S’agissant du manquement au devoir de mise en garde, les juges infirment le jugement de première instance et considèrent que l’action des cautions est prescrite. Ils rappellent que le délai de prescription courrait à compter du jour où la banque avait mis en demeure les cautions d’exécuter leur engagement, soit plus de cinq ans avant leur action. La solution est à saluer sur ce point, et ce d’autant plus que la décision des juges de première instance surprend. Au-delà du problème de prescription, l’action en responsabilité ne pouvait aboutir puisque les associés avaient été condamnés à payer la banque en cette seule qualité. Or, le devoir de mise en garde, visant à alerter la caution en cas d’inadaptation de son engagement à ses capacités financières, ou d’inadaptation du prêt aux capacités financières de l’emprunteur (Cass. com., 15 novembre 2017, n° 16-16.790, FS-P+B+I N° Lexbase : A0222WZA), ne bénéficie qu’aux cautions non averties et n’a jamais été étendu aux associés (v.

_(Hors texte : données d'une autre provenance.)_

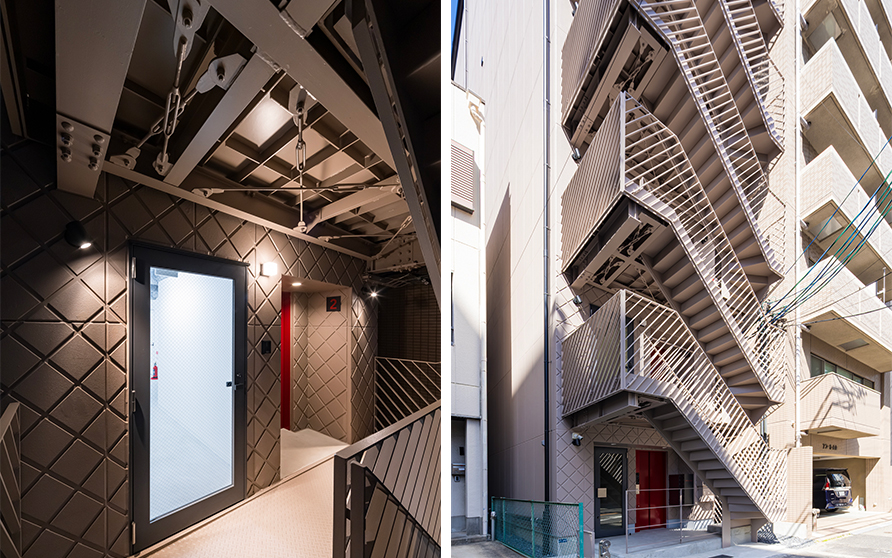m3 building（テナントビル、金山、重量鉄骨造・8階建て・細長い敷地）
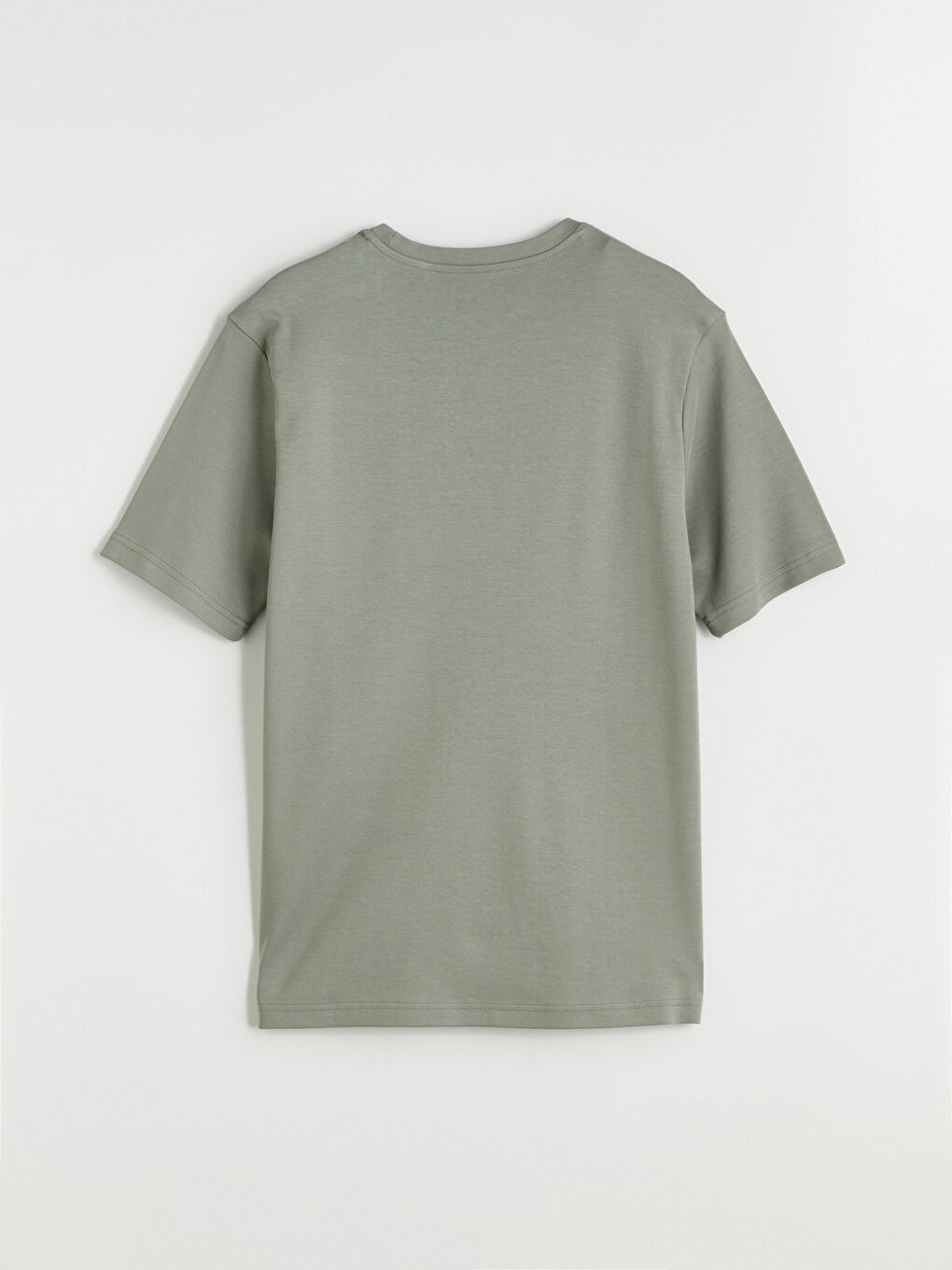 Haki Bisiklet Yaka Baskılı Erkek Tişört-7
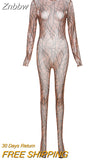 Znbbw Sexy Mesh See Through Long Sleeve Jumpsuit Women Summer Slim Patchwork One Piece Party Club Evening Bodycon Overall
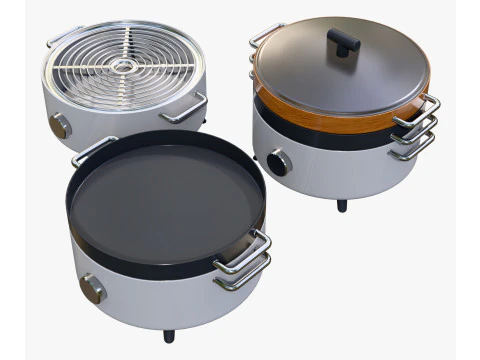 Electric Tabletop Cooker Grill M1 3D Model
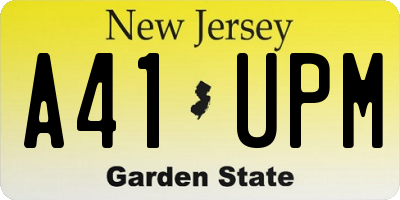 NJ license plate A41UPM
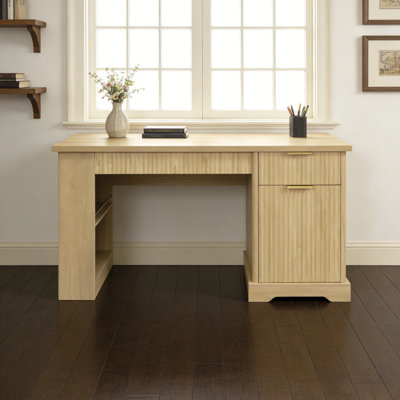 Bureau d'écriture cannelé moderne de 55 po avec armoire de rangement, tiroirs, prise de courant et tablettes intégrées
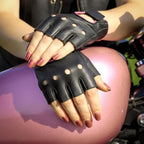 Hot Leathers GVL1006 Ladies Pink Piping Fingerless Gloves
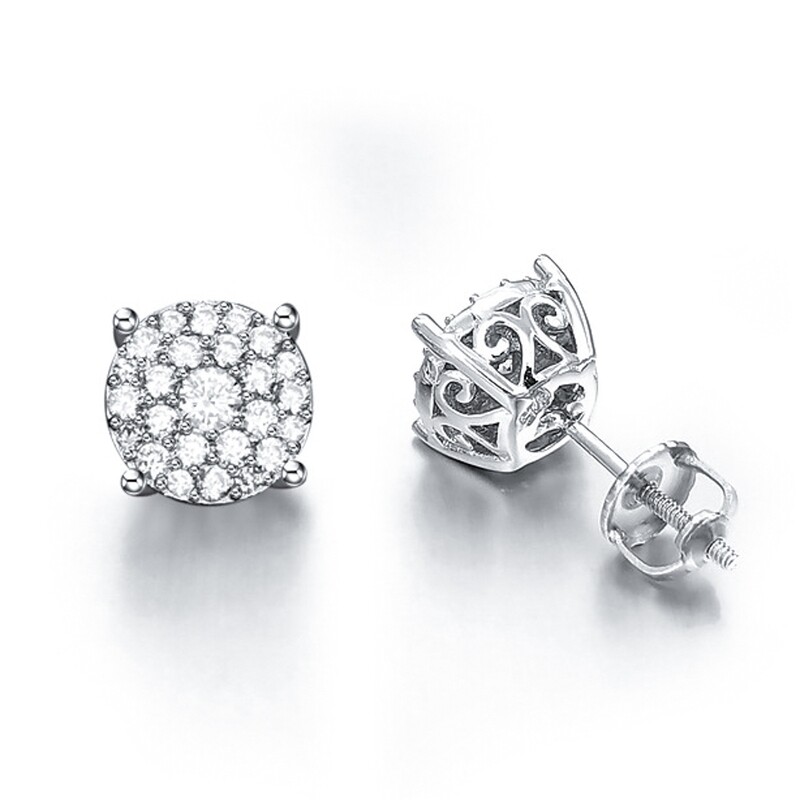 Men&#39;s White Gold Sterling Silver Round Cluster Screw Back Earrings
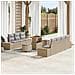 Set Divano da Giardino con cuscino 10 pcs Beige Poly Rattan - Foto miniatura 2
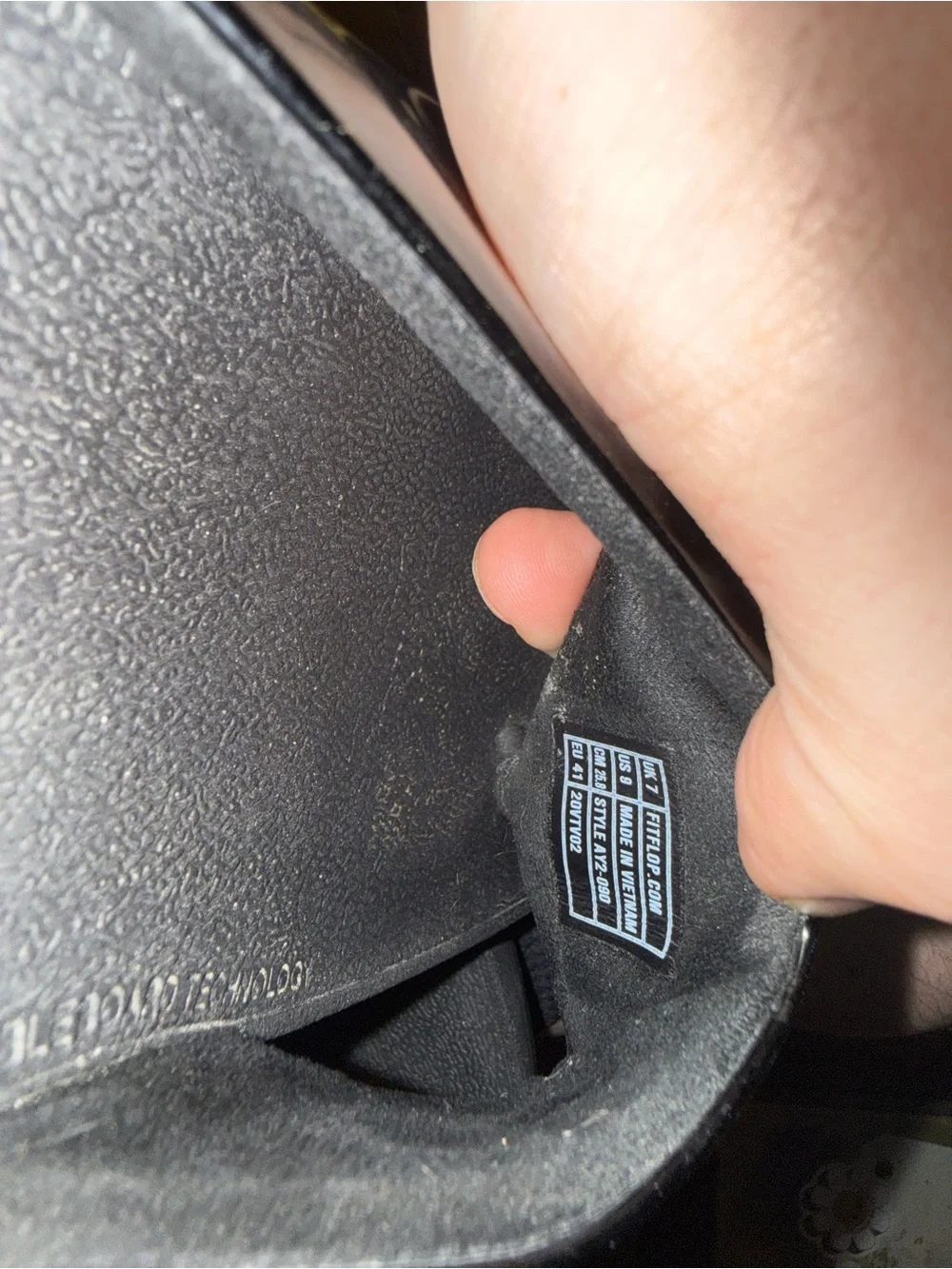 Fitflop Black Patent Leather Thong Sandals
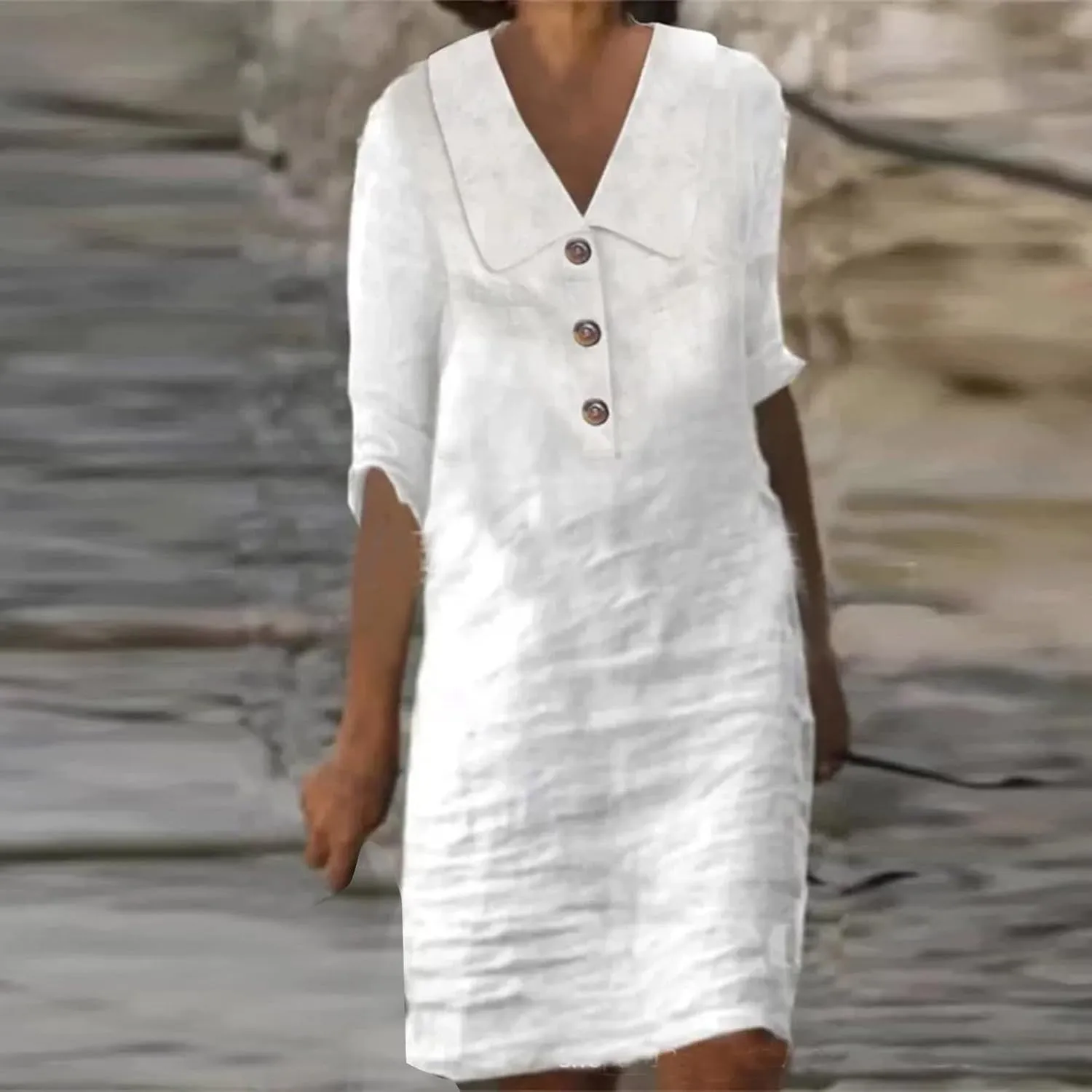 Summer Cotton Linen T Shirt Dress for Women Lapel V Neck Button Down Solid Color Casual Knee Length Dress Trendy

Cass. civ. 3, 19 septembre 2019, n° 18-15.398, FS-P+B+I N° Lexbase : A8468ZNX qui réserve ce devoir à la société emprunteuse). Si une telle extension protégeait l’associé qui engage son patrimoine personnel aux fins de garantie des dettes de la société, elle s’opposerait à la réalité de la personnalité morale de la société et à la logique du devoir de mise en garde. En effet, ce devoir permet à la caution de s’engager ou de refuser de s’engager en toute connaissance de cause avec le prêteur. Or, sauf à considérer que la personne morale est transparente, les associés ne sont normalement pas les cocontractants du prêteur. Enfin, l’extension du devoir de mise en garde créerait une nouvelle source de contentieux portant à la fois sur le caractère averti des associés et sur le respect du devoir.

Cet arrêt rendu sur le terrain de la prescription permet donc de rappeler les risques pesant sur l’associé présentant également la qualité de caution. Chacune de ses garanties sera traitée de façon autonome, si bien qu’il aura peu de chances d’échapper à son engagement.